エヴァン・クリスティアン・アトラス:『As エース』 遺伝子操作によって作られた完璧な人間

バルギーム:科学庁長官

Dr.竜宮:科学庁のお荷物

ミキ・竜宮:エヴァンのクラスメイト

アカリ・竜胆:エヴァンのクラスメイト

 事故から一か月後、エヴァンは、まだ入院していたが、近いうちに退院できるよう、両親と手続きを始めていた。

 

 あれからブルーノは時折来たがミアは尋ねてくることはなかった。


 そんな折、一人の男がエヴァンを訪ねて来る。


「君がエヴァン君かい?」


 男は先日科学技術庁を解雇された竜宮だった。


「あなたは?」


「僕は竜宮という……。いちおう娘が同じクラスらしいが」


「竜宮……。ミキ・竜宮のお父さんですか?」


 竜宮は笑顔になるが、すぐに真剣な表情になる。


「そうだね……。娘に聞いたよ。大変だったね……。首から下が動かないとは……。エースからそうなるのは心中余りあるね」


「それで……何の御用でしょう」


 竜宮はボサボサの髪をかいた。


「いや……。実は、君に一つ提案があってね……」


「提案? ですか?」


「そう、具体的に言えば僕の新しい発明の実験体になって欲しいんだ」


「新しい発明?」


 竜宮の眼鏡の奥の目が光った。 


「そう、ガーディアンは知っているかな?」


「ええ。まあ」


「あれにはいくつか欠点がある。その一つが、人間があのスーツを使って直接現場に向かう必要があるという点だ」


「それのどこが欠点だと?」


「より危険な現場や、そもそも人間自体が適応しづらい場所にガーディアンは不向きだ」


「というとあなたが開発したシステムと言うのは……」


「人が操縦する分についてはかまわないが、遠隔で操縦するようにしたい……それをかなえるものだよ」


「ですが、操縦と言っても、僕は……」


 竜宮はニヤッとした。


「体を直接動かす必要はない。操作中は対象者の脳とロボット側を直接リンクさせる」


「そんなことが……」


「まあ、完全な実用には もちろんいくつか段階を踏む必要があるがね……。正直君以上の適任はいないんだ。科学庁にも相談したが、断られてしまってね……途方に暮れたところに娘が君の話をしたというわけだ。子供を作っておいてよかった……。無駄なことばかりだと思ったが、彼女にはいつも学ばされる」


 後半の言い回しが少し気になったが、エヴァンにとっては願ってもないような話だった。
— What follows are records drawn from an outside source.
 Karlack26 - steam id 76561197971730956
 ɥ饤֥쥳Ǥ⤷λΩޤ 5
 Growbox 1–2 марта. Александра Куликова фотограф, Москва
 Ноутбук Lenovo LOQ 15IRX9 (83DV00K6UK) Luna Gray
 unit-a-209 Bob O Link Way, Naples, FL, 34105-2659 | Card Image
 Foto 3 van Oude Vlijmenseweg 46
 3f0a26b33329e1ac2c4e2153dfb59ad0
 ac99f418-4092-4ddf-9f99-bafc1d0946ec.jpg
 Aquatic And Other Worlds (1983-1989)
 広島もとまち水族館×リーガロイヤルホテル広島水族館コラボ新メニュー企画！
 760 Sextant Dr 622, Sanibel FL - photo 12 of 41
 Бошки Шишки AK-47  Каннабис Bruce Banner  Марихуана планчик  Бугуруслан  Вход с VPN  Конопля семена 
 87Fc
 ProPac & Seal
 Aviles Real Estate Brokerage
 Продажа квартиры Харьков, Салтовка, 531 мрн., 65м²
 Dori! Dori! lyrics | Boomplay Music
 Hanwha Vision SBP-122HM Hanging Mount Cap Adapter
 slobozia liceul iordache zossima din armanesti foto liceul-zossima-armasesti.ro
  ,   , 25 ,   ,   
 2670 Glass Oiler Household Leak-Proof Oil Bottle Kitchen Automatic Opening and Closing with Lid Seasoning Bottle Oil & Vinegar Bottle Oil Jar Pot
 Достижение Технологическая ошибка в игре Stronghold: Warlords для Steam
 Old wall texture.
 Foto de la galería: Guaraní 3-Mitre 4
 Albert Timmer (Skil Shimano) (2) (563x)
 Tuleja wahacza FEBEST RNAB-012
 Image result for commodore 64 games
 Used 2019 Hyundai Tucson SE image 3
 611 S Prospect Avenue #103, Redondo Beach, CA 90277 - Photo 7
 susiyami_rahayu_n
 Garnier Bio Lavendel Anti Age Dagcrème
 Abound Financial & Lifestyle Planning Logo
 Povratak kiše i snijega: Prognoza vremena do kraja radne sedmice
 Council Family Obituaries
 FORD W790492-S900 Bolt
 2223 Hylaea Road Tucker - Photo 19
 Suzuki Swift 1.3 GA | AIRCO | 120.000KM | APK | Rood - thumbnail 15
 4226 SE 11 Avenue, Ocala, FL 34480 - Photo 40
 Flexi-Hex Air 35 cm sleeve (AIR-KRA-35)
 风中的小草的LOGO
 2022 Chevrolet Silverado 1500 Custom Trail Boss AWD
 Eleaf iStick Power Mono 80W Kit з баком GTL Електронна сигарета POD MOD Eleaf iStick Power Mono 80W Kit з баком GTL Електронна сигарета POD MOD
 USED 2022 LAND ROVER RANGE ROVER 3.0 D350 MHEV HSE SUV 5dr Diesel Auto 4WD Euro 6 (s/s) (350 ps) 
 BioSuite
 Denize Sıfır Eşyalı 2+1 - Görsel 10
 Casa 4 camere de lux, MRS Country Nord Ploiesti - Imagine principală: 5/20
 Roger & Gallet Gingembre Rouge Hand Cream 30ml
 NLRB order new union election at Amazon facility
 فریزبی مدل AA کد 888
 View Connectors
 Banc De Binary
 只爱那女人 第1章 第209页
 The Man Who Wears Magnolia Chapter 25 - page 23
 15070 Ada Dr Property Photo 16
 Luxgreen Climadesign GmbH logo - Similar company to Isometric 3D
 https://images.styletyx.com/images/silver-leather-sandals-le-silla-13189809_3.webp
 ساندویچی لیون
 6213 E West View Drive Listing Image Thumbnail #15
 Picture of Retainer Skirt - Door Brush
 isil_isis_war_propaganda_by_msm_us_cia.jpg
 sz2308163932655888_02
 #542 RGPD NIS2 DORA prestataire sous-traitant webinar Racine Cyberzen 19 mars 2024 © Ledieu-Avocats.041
「ロボットを通じて体が動かせると、そういうことですか」


「そうだ……。実体は本人の操縦技術にもよるが、そこは君ならすぐ慣れるだろう」


「デメリットはないんですか?」


 竜宮は少し斜め上を向いた。


「それを知るための実験さ」


 エヴァンは少し考えた。


「非常にありがたい申し出だとは思うのですが……」


 竜宮は大げさに驚いて見せる。


「断る気かい? どうして!」


「僕は妹を助けるために一分一秒も無駄には出来ないんです」


 竜宮は、ベッド脇に置かれている本をチラッと見た。


「紙の本が好きなんだね……。僕と同じだ。ただ医療は常に進化しているから、そっち関係を読むならオンラインで最新のドキュメントを読んだ方がいい」


 エヴァンは愛想笑いをした。竜宮は眼鏡を触ると、エヴァンのパッドにデータを転送した。


「いつでも連絡をくれ。君以上の適任はおそらくいない。素質的にも、境遇的にもね」


 竜宮は微笑んだ。


 帰りがけ、竜宮はエヴァンの病室を見回して、呟いた。


「ここは悪い気がたまっているね」


「悪い気……。ですか?」


「そう、あまりよろしくない……。ここには長居しない方が賢明かもしれないよ」


 エヴァンは科学者の竜宮が気などと言うのが少しおかしく感じた。


「気を信じているんですね」


 竜宮はエヴァンの気持ちを察したように言う。


「オカルトにきこえるかい? だが学んでみると気というものは面白いよ。すべては流れの中にある」


 エヴァンは今の会話で何となく竜宮の提案に乗らなくてよかったと思った。


 竜宮が帰った後、エヴァンは彼が忘れ物をしていることに気づいた。それは小型のレンズに見えたが、エヴァンはそこまで行けないので詳細はわからず、放置するしかない。


――わざわざこのためだけに連絡するのも……。


 エヴァンはそう思い、特に連絡はすることなく、勉強を再開する。


 その夜、勉強を終えてエヴァンが就寝していると、どこからか足音が聞こえた。